Learning: I should have read the Mom Test.

With hindsight, I wish I'd built it for engineers based on Pull Requests (PR #181 had a ton of back and forth / NLP shows it got heated). It would have been fun if nothing else!


This would work for customer service ticket systems as well. Having been in that role, i definitely buried a few issues over the years that would have been better dealt with in the open.


Thats an interesting idea. Have you tried talking with Directors/Executive/VPs?

My thinking is to target sales orgs that are going through restructuring or are focusing on major improvements/goals. Execs would push their managers to setup 1:1s for development in the company and career


https://parepdf.com A web app for comparing PDF files. Figured that a more intuitive comparison experience would be an obvious advantage. It didn’t gain traction although I still use it personally on a weekly basis.


Hey, cool idea and implementation. I think even a single screenshot (of a diffed part in the sample PDF) front and center on the homepage would go a long way, if you ever update it.


That's not a bad idea, I had an example in an earlier comp design, but removed it for some reason...


Diffpdf would be a much better name, I think


https://www.roast.io/

I launched it shortly after https://www.prerender.cloud, which server-side renders JavaScript SPAs, to make integration easier.

Prerender.cloud kind of sells itself, but roast.io does not. I've wondered if it appears too complex.


Dude, you need better SEO. I heard about your product last year and didn't bookmark it. I was trying to find it on google with no luck. (talking about prerender)

Also what does https://www.roast.io/ do better than netlify. I think you should highlight it on your homepage. Thats your main competitor as far as I see it.


Maybe try partnerships with paid but self hosted software, is that a thing?


Lease.ly, a common app for apartment rentals.
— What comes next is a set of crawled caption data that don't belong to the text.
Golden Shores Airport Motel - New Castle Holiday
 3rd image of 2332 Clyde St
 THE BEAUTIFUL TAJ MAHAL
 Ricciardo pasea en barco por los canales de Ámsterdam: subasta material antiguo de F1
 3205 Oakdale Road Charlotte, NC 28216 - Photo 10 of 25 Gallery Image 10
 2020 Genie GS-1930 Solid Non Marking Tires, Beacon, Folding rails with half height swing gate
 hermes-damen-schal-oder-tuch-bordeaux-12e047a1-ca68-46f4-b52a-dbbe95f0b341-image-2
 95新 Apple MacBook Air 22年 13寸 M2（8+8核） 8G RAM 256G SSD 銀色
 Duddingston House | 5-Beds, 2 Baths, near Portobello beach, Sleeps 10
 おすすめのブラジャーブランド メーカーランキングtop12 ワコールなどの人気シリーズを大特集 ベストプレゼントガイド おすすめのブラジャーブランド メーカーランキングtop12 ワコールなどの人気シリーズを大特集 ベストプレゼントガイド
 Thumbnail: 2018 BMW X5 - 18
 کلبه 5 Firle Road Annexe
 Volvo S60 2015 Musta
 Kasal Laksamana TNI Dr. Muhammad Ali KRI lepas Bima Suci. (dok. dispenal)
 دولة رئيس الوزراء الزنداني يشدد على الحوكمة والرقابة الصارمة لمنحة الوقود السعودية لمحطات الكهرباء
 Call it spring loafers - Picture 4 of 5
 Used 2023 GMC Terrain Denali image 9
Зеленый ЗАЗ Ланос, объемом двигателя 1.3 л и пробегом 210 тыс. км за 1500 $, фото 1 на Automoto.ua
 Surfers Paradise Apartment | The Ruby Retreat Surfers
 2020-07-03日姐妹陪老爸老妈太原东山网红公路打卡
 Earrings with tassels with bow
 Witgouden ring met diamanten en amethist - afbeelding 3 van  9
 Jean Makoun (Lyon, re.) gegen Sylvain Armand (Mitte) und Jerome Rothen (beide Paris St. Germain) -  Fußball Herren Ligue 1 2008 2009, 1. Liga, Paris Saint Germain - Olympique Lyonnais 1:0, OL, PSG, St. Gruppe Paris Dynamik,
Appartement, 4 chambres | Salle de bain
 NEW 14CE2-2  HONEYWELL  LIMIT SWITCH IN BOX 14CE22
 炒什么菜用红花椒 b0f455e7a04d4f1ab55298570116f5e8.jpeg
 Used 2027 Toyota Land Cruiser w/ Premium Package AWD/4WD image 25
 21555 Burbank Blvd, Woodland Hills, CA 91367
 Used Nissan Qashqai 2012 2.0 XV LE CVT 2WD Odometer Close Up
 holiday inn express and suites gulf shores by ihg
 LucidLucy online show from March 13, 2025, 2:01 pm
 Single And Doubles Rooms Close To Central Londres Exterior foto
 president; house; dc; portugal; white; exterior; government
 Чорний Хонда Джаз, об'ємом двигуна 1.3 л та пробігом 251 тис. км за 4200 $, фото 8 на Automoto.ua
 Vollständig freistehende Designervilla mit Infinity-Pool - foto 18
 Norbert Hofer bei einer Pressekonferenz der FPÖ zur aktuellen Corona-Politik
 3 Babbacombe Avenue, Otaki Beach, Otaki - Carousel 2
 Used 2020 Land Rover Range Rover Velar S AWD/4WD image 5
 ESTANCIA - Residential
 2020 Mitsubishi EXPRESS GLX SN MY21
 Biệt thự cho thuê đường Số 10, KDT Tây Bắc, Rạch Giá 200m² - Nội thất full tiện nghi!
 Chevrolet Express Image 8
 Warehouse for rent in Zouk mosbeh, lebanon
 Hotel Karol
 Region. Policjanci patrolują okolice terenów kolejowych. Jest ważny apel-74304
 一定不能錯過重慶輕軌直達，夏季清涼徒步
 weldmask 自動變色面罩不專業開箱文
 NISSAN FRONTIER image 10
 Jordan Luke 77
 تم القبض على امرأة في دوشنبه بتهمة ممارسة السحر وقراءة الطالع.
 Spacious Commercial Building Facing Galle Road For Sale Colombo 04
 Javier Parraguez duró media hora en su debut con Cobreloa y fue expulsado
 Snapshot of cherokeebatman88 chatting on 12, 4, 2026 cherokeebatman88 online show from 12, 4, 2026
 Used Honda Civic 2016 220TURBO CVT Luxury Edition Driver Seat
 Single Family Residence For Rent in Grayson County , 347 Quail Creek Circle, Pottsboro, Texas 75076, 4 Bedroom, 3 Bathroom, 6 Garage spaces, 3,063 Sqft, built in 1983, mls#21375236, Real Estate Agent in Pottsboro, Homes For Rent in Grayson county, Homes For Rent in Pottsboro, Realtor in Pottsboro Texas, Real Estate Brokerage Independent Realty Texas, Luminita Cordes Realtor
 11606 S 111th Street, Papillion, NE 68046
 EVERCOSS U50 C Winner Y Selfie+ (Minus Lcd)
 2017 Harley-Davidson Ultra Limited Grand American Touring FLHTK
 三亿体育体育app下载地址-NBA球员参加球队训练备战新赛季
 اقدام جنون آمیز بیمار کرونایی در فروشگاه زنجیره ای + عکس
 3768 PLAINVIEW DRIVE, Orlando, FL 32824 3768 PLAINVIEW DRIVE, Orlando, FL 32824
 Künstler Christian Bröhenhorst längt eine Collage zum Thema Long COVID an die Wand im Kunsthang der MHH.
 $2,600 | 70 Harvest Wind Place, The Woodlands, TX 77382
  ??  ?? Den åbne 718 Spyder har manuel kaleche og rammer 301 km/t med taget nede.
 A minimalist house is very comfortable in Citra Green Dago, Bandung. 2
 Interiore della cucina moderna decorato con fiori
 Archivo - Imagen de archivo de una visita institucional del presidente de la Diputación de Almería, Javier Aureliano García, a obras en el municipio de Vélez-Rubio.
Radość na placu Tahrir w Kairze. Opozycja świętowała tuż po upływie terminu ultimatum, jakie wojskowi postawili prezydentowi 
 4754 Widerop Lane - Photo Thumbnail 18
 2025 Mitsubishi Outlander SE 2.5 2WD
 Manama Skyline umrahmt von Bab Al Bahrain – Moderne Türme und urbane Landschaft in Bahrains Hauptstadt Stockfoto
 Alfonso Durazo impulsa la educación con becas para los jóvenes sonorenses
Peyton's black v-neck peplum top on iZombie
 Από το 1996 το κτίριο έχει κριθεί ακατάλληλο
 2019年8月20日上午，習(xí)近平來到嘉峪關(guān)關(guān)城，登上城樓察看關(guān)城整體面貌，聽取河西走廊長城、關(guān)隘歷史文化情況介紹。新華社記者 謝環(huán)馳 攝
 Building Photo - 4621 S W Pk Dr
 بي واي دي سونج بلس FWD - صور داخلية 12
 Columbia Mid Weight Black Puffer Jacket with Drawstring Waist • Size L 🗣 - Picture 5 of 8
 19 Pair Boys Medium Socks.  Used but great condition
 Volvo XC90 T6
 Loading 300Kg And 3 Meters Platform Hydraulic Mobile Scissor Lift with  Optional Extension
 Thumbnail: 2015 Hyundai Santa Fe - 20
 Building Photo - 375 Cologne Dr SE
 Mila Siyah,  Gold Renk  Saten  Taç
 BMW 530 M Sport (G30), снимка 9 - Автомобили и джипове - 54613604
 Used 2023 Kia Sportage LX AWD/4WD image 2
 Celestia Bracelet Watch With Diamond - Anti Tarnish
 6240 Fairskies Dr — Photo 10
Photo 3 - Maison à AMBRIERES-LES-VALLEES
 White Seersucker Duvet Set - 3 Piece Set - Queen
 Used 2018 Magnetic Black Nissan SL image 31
- In SF (a seller’s market), prospective tenants only wanted to use it if their prospective landlords asked for it, or if it gave them an advantage over other prospective tenants

- Landlords have their existing process that works, and didn’t want to change it. Things like comparison views for tenants, pulling in social media info, and automatic credit reports were helpful, but since for most SF landlords getting new tenants is low frequency (unlike, say, NY), the value was low

For each, the value prop was unclear.

If I were to try it again, I’d try to understand the market better and find the right subset of landlords and tenants, and the right geo, to focus on first.


did you pivot to VIN #s?? I'm interested in seeing what you had/have for lease.ly with regards to the common application.


VIN #s?


For my first real coding project I set up a book price comparison website.

It relied heavily on third-party APIs and scrapers for prices, search, book details, currency conversion, and the PaaS hosting service. Over 8 years many of those services slowly shut down until the site didn't work any more.

It was a fun project, both for learning to code, and for better understanding the tradeoffs around third-party dependencies. I wrote more about it here: https://www.ajnisbet.com/blog/maintaining-a-zero-maintenance...


https://get.thread-app.com

It's an ad-free social network that is supposed to be a richer and more private alternative to Facebook.

It's been adopted by my closest friends and family, but hasn't grown much beyond these initial users. The product itself tries to do a ton of stuff: messaging, photo sharing, event planning, location sharing, video sharing, etc. Perhaps that's part of the problem -- it doesn't do one thing particularly above and beyond existing solutions.


I've been running a very shitty threaded message board for years ("running" being a very loose term - I mean it's still there). There is a parallel facebook group that exists solely to tell me when I've f'd up.

The people still on it, are the people who use it as a "separate space" to all the rest of the bazillion dollar alternatives - hellbent on shoving adverts, tracking and all the rest.

I'm only going off on this tangent, as maybe what appears to be lack of traction, could also be (if you squint hard) a benefit. Could you cookie-cutter out instances of your product?

If you can, then maybe you could position it as a micro-ecosystem for events people don't immediately want to integrate into their existing mega-social world.

e.g. Weddings. Could on-board all people invited to the app (click this link to say if you're going or not), let them get to know each other a bit first, share photos they took of the event, plan stag events, enter dietary requirements, link to the wedding list, buy a nice photo from the official photographer, send a message to that bridesmaid you thought you were getting on well with, click on faces in photos to see who they are etc etc.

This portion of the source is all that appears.